COLLECTIVE PERSEGUIDAS- The Ascension of Black Women in the Brazilian Materialist Feminism Movement
COLLECTIVE PERSEGUIDAS
Brazilian black and brown women form a new radfem collective
The Collective Movement Perseguidas is a project directly aligned to radical feminism, founded by non-white Brazilian women and started in the year of 2020. With the proposal of translating videos, texts as well other productions made by important feminists about racial and radical analysis. It also aims to produce authorial content and disseminate the news about marginalised women in Brazil, who are mostly black and indigenous women. By means of social media such as Instagram, Twitter and YouTube, Perseguidas maintain their focus on the existence and improvement of marginalised and segregated women in society, primarily those existing in Brazilian territory, the black, indigenous and Asian females victims of recurrent racism, in addition to patriarchy.
Initially, the project took place by the collective effort of five non-white women determined to offer translations of videos and texts made by radical feminists from different countries. However, it was noticed an urgent need to prioritize and implement the role of non-white women in radical feminism, given the existence of racism in society and the perpetuation of the segregation of women who don’t fit the Eurocentric standard. Thus, the Collective Movement Perseguidas arise, with the main objective of denouncing the violence and the erasure of black, indigenous and Asian women in the racial context and in the biological reality that oppress them within the patriarchal system, two systems that often walk together. It is essential to raise the voices of these women who, repeatedly, produce and debate feminism and racism and do not receive the visibility and feedback they deserve.
The name Perseguidas (in English, "Persecuted") is an ambiguous pun, that besides expressing a nickname used culturally by many regions in Brazil to refer to the vulva, also refers to the fact that women are hunted throughout history for being born with vulva, vagina, uterus and ovaries. Furthermore, it fits perfectly as a characteristic of radical feminist women who are “cancelled” in violent ways for understanding their oppression and spreading it to other women. Women who, when they are non-white, are questioned in order to be silenced all the time. It is extremely important that, within radical feminism, there is an awareness that these women are being raped by patriarchy and murdered by racism and, in addition, one system helps the other. This awareness cannot be erased and it's everyone's duty to expand and shout for those who can't do it anymore. It's common knowledge that systematic racism falls over to the non-white women's bodies, taking them to the lowest location in the social pyramid.

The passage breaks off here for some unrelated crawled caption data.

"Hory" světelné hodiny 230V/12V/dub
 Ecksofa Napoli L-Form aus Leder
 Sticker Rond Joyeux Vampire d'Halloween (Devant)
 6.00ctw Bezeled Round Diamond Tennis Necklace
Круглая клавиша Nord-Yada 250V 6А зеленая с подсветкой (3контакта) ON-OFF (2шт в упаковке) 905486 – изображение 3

Contextualising the Brazilian situation, the colonial period took indigenous and African peoples to longs years of slavery. Post-abolition of slavery, these groups didn't have any action to be reinserted in the society, this means, without lands, without any financial aid, etc. So, black and indigenous women were raped and segregated from all social spaces and basic human rights. However, there are strong examples of Brazilian women who have become a symbol of the anti-colonial revolution in Brazil, a constant struggle even today, due to the social ills of that period being strongly present in Brazilian reality. Women like Dandara, Tereza de Benguela and other women indigenous leaders of different peoples fought and must be remembered in history (that often try to erase them), in addition to the fact that there are currently very influential women in literature of today's society that must be considered by history, sociology, and other areas of knowledge, increasing to the radical analysis of race and gender.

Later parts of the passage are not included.